The dataset provides 70,000 images (28x28 pixels) of handwritten digits (1 digit per image). 

The goal is to write an algorithm that detects which digit is written. Since there are only 10 digits (0, 1, 2, 3, 4, 5, 6, 7, 8, 9), this is a classification problem with 10 classes. 


In [9]:
import numpy as np
import tensorflow as tf
import tensorflow_datasets as tfds

## Data

In [2]:
# tfds.load(name, with_info, as_supervised) - loads a dataset from TensorFlow datasets 
# as_supervised=True - loads the data in a 2-tuple structure[input, target]
# with_info = True - provides a tuple containing info about version, features, # of datasets
mnist_dataset, mnist_info = tfds.load(name='mnist', with_info=True, as_supervised=True)

In [3]:
mnist_train, mnist_test = mnist_dataset['train'], mnist_dataset['test']
# numbber of train sets are 600000 out of 700000

num_validation_samples = 0.1 * mnist_info.splits['train'].num_examples
# casts a variable into a given data type
num_validation_samples = tf.cast(num_validation_samples, tf.int64)

num_test_samples = mnist_info.splits['test'].num_examples
num_test_samples = tf.cast(num_test_samples, tf.int64)
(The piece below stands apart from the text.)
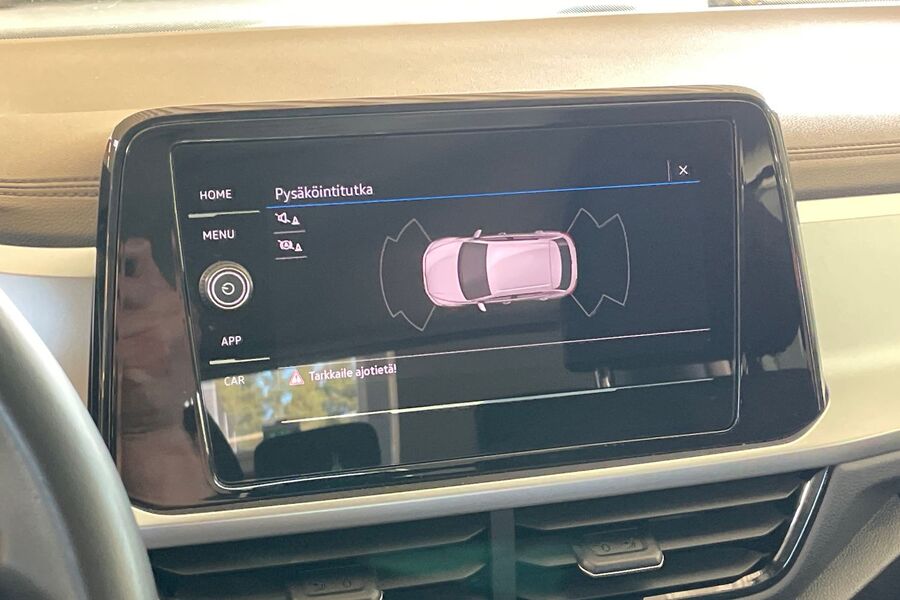 Volkswagen T-Roc vaihtoauto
## scale inputs between 0 and 1
def scale(image, label):
    image = tf.cast(image, tf.float32)
    image /= 255. 
    return image, label

scaled_train_and_validation_data = mnist_train.map(scale)

# scale test data
test_data = mnist_test.map(scale)


## shuffle the data
# we cant shuffle a large data at once
BUFFER_SIZE = 10000

shuffled_train_and_validation_data = scaled_train_and_validation_data.shuffle(BUFFER_SIZE)
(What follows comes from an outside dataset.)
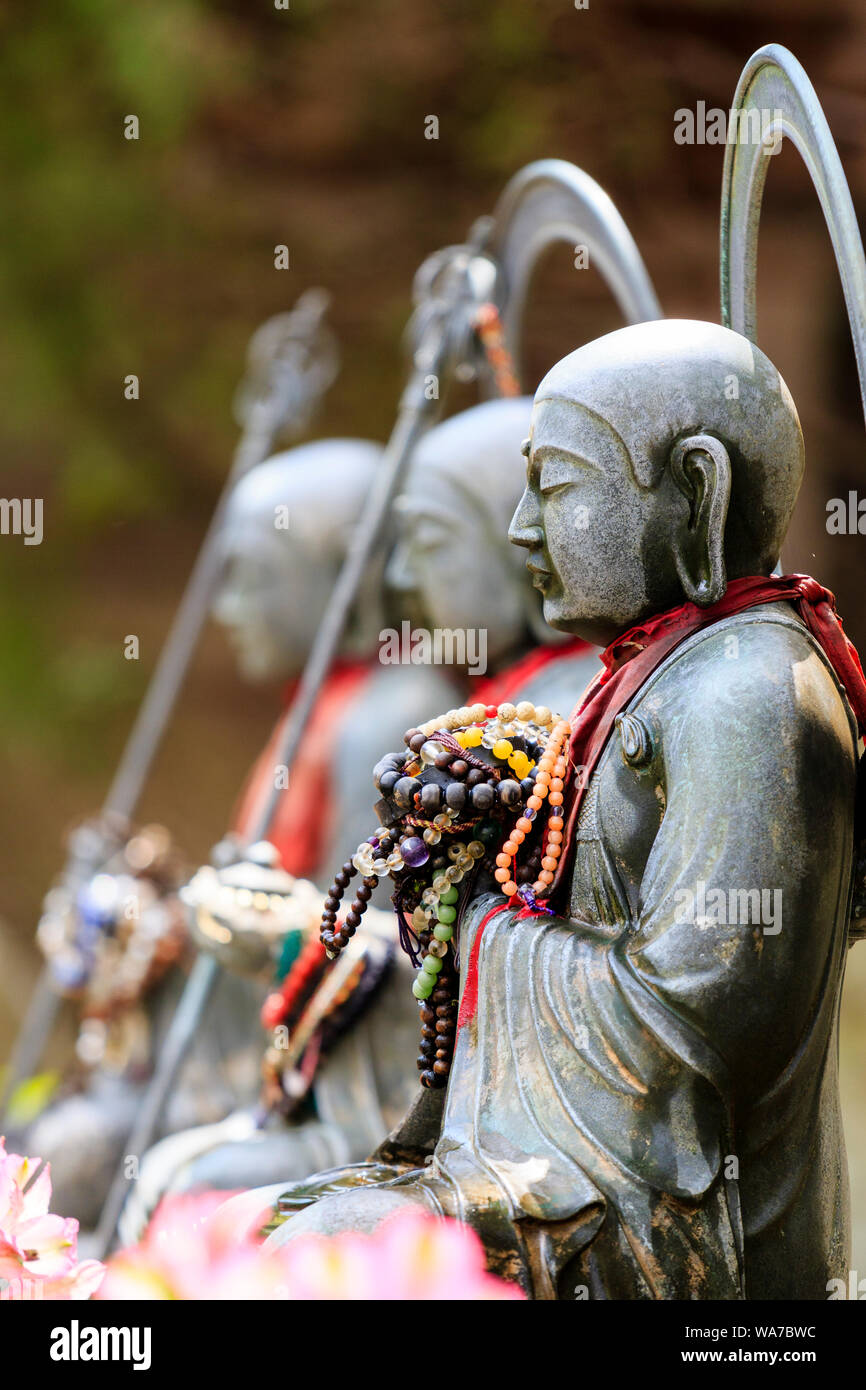 Japan, Miyajima. Daishoin Tempel. Linie von drei Jizo Bosatsu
validation_data = shuffled_train_and_validation_data.take(num_validation_samples)
train_data = shuffled_train_and_validation_data.skip(num_validation_samples)

# batch size = 1 - SGD
# batch size = number of samples - (single batch) GD
# 1 < batch size < # samples - mini-batch GD
BATCH_SIZE = 100

# dataset.batch(batch_size) - combines the consecutive elements of a dataset into batches
train_data = train_data.batch(BATCH_SIZE)
validation_data = validation_data.batch(num_validation_samples)
test_data = test_data.batch(num_test_samples)
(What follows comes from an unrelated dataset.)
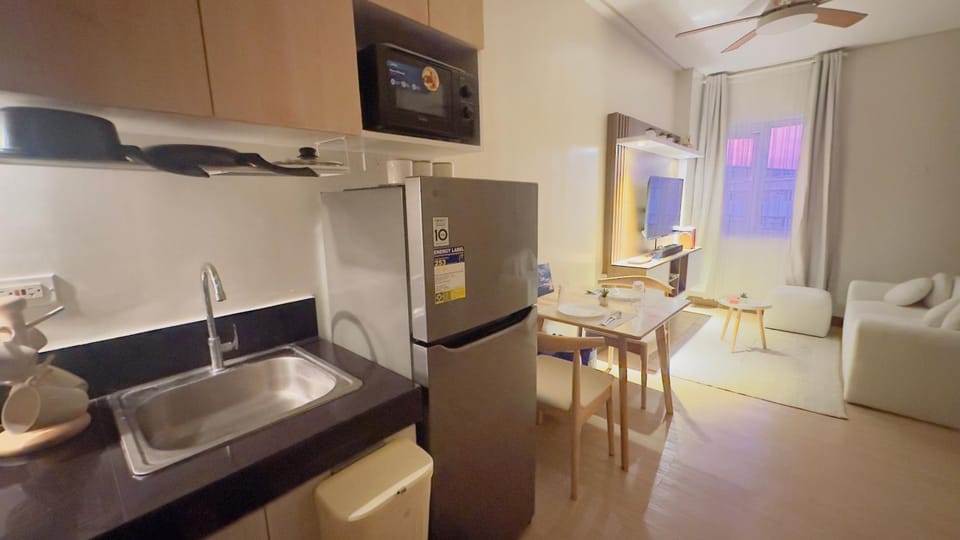 Resort Condo in Trece Martires Cavite Apartment hotel in Calabarzon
# iter() creates an object which can be iterated one element at a time(in a loop)
# next() loads the next element of an iterable object
validation_inputs, validation_targets = next(iter(validation_data))


## Model

### Outline the model

In [4]:
input_size = 784
output_size = 10
# if we increase the hidden layer size, the accuracy will increase
hidden_layer_size = 50

# tf.keras.Sequential() function that is laying down the model
model = tf.keras.Sequential([
    
    # tf.keras.layers.Flatten(original shape) transforms a tensor into a vector
                            tf.keras.layers.Flatten(input_shape=(28,28,1)),
    # Dense(output size) takes the inputs, provided to the model and calculates 
    # the dot product of the inputs and the weights and adds the bias.
                            tf.keras.layers.Dense(hidden_layer_size, activation='relu'),
                            tf.keras.layers.Dense(hidden_layer_size, activation='relu'),
    # Include 10 hidden layers, then accuracy will increase
    
                            tf.keras.layers.Dense(output_size, activation='softmax')
                            ])

### choose the optimizer and the loss function

In [5]:
model.compile(optimizer='adam', loss='sparse_categorical_crossentropy',# 2 other types of crossentropy
             metrics = ['accuracy'])

### Training

In [6]:
NUM_EPOCHS = 5
VALIDATION_STEPS = num_validation_samples

model.fit(train_data, epochs = NUM_EPOCHS, validation_data=(validation_inputs, 
        validation_targets), validation_steps = VALIDATION_STEPS, verbose = 2)

Epoch 1/5
540/540 - 70s - loss: 0.4339 - accuracy: 0.8772 - val_loss: 0.0000e+00 - val_accuracy: 0.0000e+00
Epoch 2/5
540/540 - 75s - loss: 0.1903 - accuracy: 0.9450 - val_loss: 0.1614 - val_accuracy: 0.9538
Epoch 3/5
540/540 - 76s - loss: 0.1414 - accuracy: 0.9586 - val_loss: 0.1389 - val_accuracy: 0.9582
Epoch 4/5
540/540 - 78s - loss: 0.1170 - accuracy: 0.9648 - val_loss: 0.1206 - val_accuracy: 0.9647
Epoch 5/5
540/540 - 80s - loss: 0.0982 - accuracy: 0.9696 - val_loss: 0.1019 - val_accuracy: 0.9710


<tensorflow.python.keras.callbacks.History at 0x637392810>

## To achieve 98.5%+ accuracy
<li> create 10 hidden layers
<li> hidden_layer_size = 5000
<li> batch_size = 150
<li> NUM_EPOCHS = 10

### Test the model

In [7]:
# model.evaluate()-returns the loss value and metrics values for the model in test mode
test_loss, test_accuracy = model.evaluate(test_data)



In [8]:
print('Test loss: {0:.2f}. Test accuracy: {1:.2f}%'.format(test_loss, test_accuracy*100.))

Test loss: 0.11. Test accuracy: 96.86%